** EXERCISE AIM **
Begin at the line containing "Moyo island is" and retype each line through the end of the records exactly. Include nothing else and no pictures.

** RECORDS SUPPLIED **
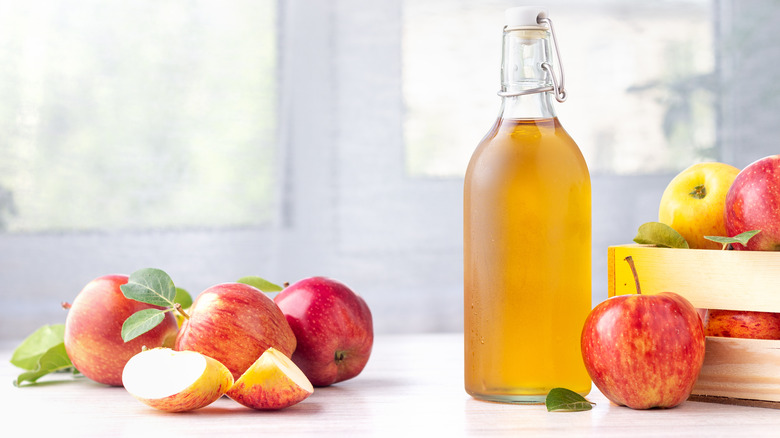 apple cider vinegar and apples.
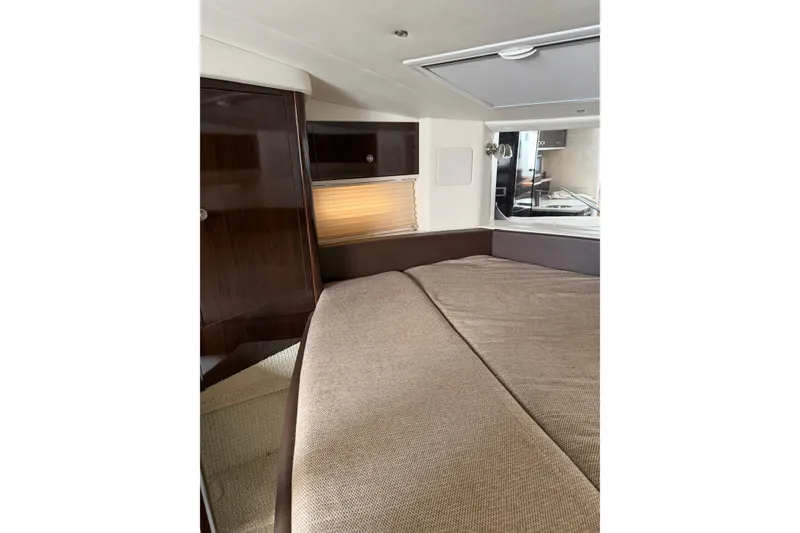 Slide: The Image of Interior cabin of 2016 Sea Ray Sundancer 330 yacht, featuring a cozy bed and elegant wood finishes. - 32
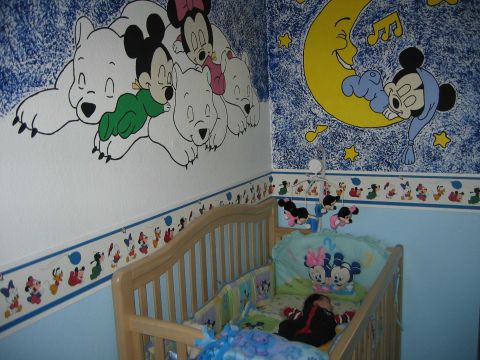 2002 Ford Taurus - A baby sleeps in a crib decorated with Disney characters and themed wall art.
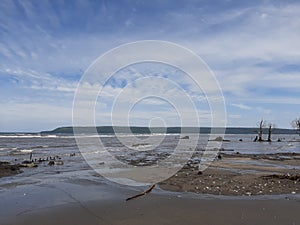 Moyo island is visible close across the beach photo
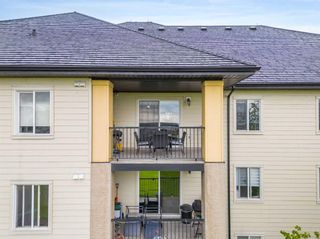 Photo 2: 7412 304 Mackenzie Way SW: Airdrie Apartment for sale : MLS®# A2134542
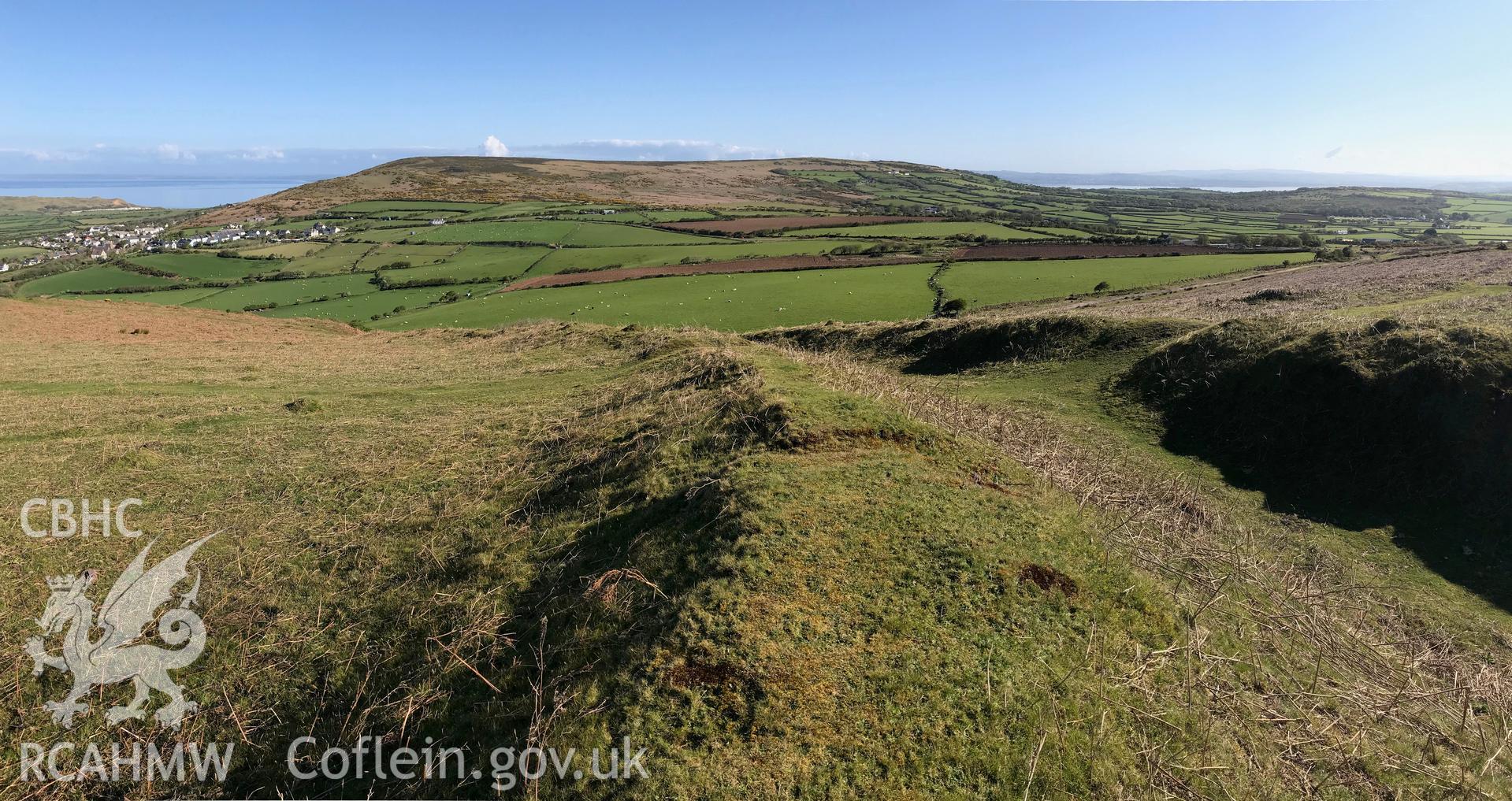 Digital colour photograph showing panoramic view of Hardings Down West Fort, Llangennith, looking westwards towards the sea, taken by Paul R. Davis on 5th May 2019.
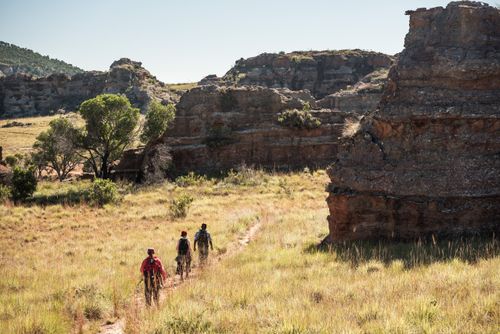 Madagascar Adventure Travel Photography Tourists hiking in Isalo National Park Ihorombe Region Southwest Madagascar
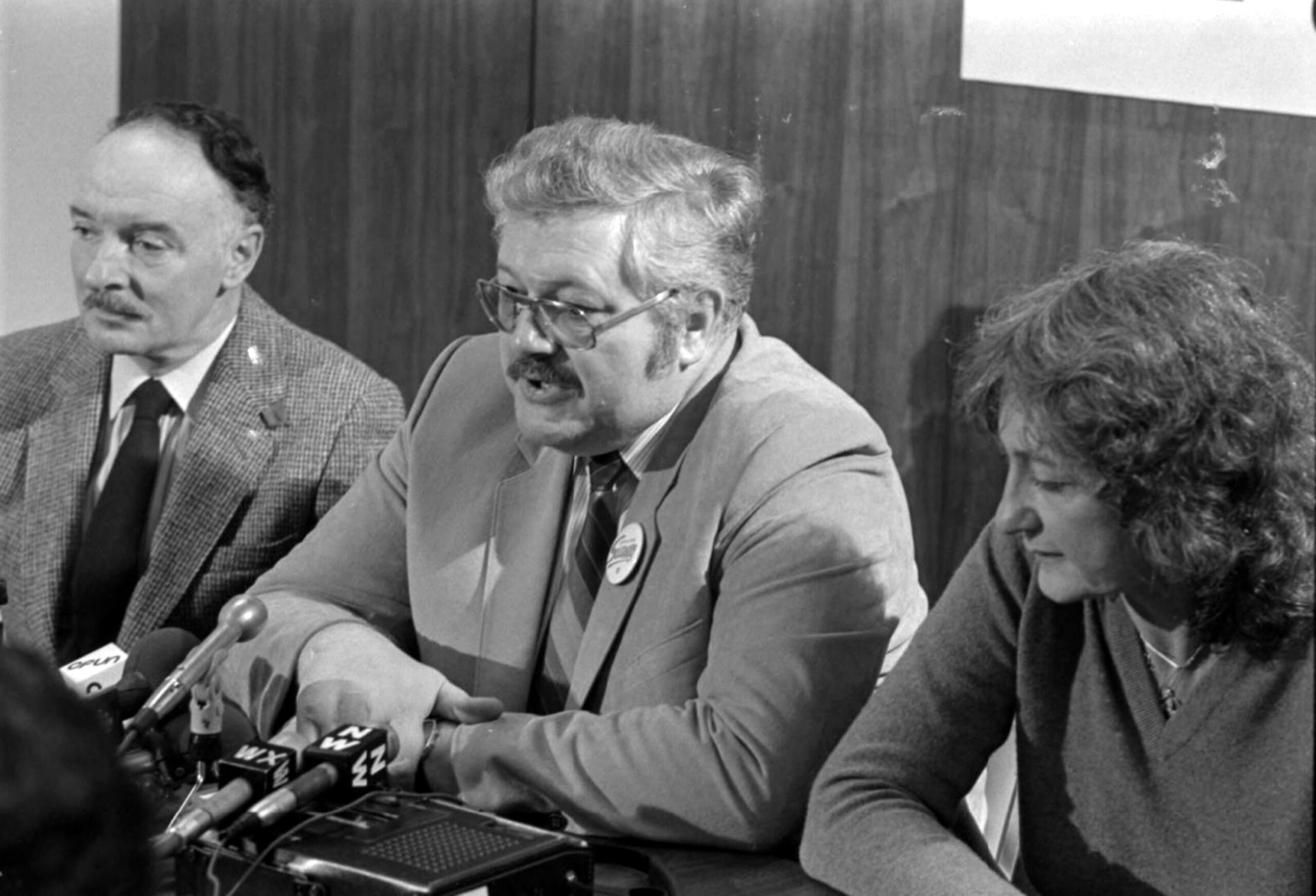 Black and white photo of Art Kube, Renate Shearer, Father Jim Roberts
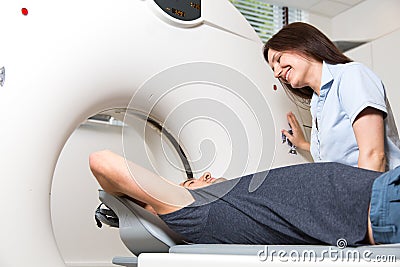 Medical technical assistant preparing scan of the spine with CT Stock Photo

** RESPONSE AREA **
 Moyo island is visible close across the beach photo
 Photo 2: 7412 304 Mackenzie Way SW: Airdrie Apartment for sale : MLS®# A2134542
 Digital colour photograph showing panoramic view of Hardings Down West Fort, Llangennith, looking westwards towards the sea, taken by Paul R. Davis on 5th May 2019.
 Madagascar Adventure Travel Photography Tourists hiking in Isalo National Park Ihorombe Region Southwest Madagascar
 Black and white photo of Art Kube, Renate Shearer, Father Jim Roberts
 Medical technical assistant preparing scan of the spine with CT Stock Photo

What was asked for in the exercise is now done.